Figuring the lack of participation is a result of our messing around with the blog, rather than an overall lack of interest (seriously, NO ONE wants to win a $100 gift certificate?), we’re extending the entry deadline to this Friday, July 6, and voting on submissions will continue through July 13. Everything else remains the same.

To vote on entry submissions, please click on the link to the left that says “Photo and Book Review Contest.

Jun 252012
 

Wild Plants I Have Known…and Eaten
by Russ Cohen
Review by Dee B.

Wild Plants I Have Known . . . And Eaten (Russ Cohen, 2004)

Book Review by Dee Burke

Have you ever wondered how you’d feed your family during a crisis if for some reason your food storage wasn’t sufficient or available? What if the supermarket shelves were empty? If you know a thing or two about foraging for food in the wild, you likely won’t go hungry.

Not too long ago, I had the pleasure of attending a talk by Russ Cohen, author of Wild Plants I Have Known . . . And Eaten. Over the course of an hour or so, I sat and listened to the voice of foraging wisdom, stared at images of plants I recognized as weeds growing in and around my own yard, and sampled treats made with foraged foods: autumn olive fruit leather and barberry/hickory nut thumb print cookies. I came away with a desire to take a nibble on the wild side and felt comfortable enough after what I’d heard to seek out some wild edibles on my own. So, of course, I bought the book. I wasn’t disappointed.

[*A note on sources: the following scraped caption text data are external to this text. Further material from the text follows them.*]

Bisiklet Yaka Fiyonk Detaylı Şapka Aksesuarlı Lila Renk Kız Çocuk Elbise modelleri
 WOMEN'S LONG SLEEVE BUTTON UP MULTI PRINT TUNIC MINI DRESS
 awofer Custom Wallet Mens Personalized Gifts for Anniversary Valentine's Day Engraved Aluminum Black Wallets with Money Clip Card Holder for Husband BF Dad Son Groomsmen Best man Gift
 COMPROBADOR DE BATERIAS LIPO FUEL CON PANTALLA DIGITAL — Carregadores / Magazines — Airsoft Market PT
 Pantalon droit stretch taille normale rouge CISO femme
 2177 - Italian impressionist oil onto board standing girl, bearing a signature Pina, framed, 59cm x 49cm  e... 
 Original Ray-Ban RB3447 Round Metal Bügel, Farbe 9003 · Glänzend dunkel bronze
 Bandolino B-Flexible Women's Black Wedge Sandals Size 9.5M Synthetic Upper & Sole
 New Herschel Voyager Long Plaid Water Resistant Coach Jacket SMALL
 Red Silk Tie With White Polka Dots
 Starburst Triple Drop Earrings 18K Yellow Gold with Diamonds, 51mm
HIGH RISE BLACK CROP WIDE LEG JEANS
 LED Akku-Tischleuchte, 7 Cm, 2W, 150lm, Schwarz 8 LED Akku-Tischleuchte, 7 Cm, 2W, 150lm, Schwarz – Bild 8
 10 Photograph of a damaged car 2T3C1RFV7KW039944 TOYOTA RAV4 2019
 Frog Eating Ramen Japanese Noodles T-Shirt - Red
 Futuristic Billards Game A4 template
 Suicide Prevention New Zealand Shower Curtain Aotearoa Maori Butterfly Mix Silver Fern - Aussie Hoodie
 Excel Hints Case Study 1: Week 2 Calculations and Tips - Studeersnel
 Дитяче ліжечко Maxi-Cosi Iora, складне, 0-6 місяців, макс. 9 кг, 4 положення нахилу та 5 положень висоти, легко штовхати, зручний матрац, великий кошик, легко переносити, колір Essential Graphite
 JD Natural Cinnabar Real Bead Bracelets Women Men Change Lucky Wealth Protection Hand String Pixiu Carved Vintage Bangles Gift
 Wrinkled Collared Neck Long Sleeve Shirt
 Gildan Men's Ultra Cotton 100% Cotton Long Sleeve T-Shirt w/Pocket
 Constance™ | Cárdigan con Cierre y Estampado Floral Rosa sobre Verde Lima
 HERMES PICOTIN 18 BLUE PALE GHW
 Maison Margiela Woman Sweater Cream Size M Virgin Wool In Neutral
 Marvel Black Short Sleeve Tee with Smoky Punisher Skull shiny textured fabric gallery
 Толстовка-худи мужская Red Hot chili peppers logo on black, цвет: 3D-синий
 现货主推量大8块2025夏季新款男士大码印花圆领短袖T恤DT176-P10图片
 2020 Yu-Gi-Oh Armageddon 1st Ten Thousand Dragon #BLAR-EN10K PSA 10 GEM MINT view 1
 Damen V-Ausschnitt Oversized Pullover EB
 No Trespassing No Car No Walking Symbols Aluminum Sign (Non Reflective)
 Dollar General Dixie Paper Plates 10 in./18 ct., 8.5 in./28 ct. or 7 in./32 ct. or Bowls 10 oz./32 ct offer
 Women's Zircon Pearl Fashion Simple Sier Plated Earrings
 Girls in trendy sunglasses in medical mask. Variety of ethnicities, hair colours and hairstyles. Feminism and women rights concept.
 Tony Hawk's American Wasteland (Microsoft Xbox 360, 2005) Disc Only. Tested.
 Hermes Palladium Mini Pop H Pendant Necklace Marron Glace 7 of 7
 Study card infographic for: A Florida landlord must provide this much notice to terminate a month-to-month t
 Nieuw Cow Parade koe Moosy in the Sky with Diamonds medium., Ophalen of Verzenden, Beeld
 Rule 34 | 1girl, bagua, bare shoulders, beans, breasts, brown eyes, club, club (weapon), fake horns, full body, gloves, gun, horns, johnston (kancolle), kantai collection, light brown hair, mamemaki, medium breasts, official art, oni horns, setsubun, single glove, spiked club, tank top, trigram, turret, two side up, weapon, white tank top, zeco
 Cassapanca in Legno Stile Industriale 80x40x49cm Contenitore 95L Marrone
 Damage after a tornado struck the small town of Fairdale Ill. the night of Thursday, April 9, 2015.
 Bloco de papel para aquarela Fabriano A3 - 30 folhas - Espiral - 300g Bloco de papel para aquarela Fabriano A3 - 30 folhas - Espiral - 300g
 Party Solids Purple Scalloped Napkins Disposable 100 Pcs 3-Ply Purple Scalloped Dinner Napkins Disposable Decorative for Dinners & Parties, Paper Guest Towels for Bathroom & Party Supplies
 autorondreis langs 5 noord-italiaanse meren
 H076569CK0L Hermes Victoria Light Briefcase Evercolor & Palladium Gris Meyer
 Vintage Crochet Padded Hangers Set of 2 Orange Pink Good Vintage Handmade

Wild Plants I Have Known . . . And Eaten contains a great deal of information in a straight forward, easy to read format. It’s a good starting point for beginners. It opens with an introduction to foraging, followed by information on more than 40 edible plants that focuses on those easily identified. Cohen encourages consulting a field guide specific to the reader’s area, and he provides the necessary cautions about being sure of what you’ve found before consuming any of the plant. At the same time, he makes foraging seem like something anyone could do.

Perhaps the most tempting part of the book is the recipes, proving foraged plants are not just salad greens or nuts. After a walk in the woods at the right time of year, you might feast on cattail chowder, black locust fritters, strawberry knotweed pie, sassafras candy, and sumacade. Yes, sumacade. The fruit of the unmistakable staghorn sumac can be made into a drink that looks and tastes remarkably like pink lemonade (and is high in vitamin C). Just the thing on a hot afternoon. I know because it was the first wild edible I harvested after reading the book.

While the focus of this book is wild edibles in New England, there is information on plants found across the country: stinging nettle, day lilies, invasives like garlic mustard, and every lawn owner’s nemesis, the dandelion. A particularly nice feature is the chronological listing at the back of the book identifying when each plant (and which part) is in season.

If you can find a copy of Wild Plants I Have Known . . . And Eaten, grab it. You just might find yourself inspired to make wild edibles a part of your regular diet now simply because they’re good to eat even when you still have those easy supermarket options.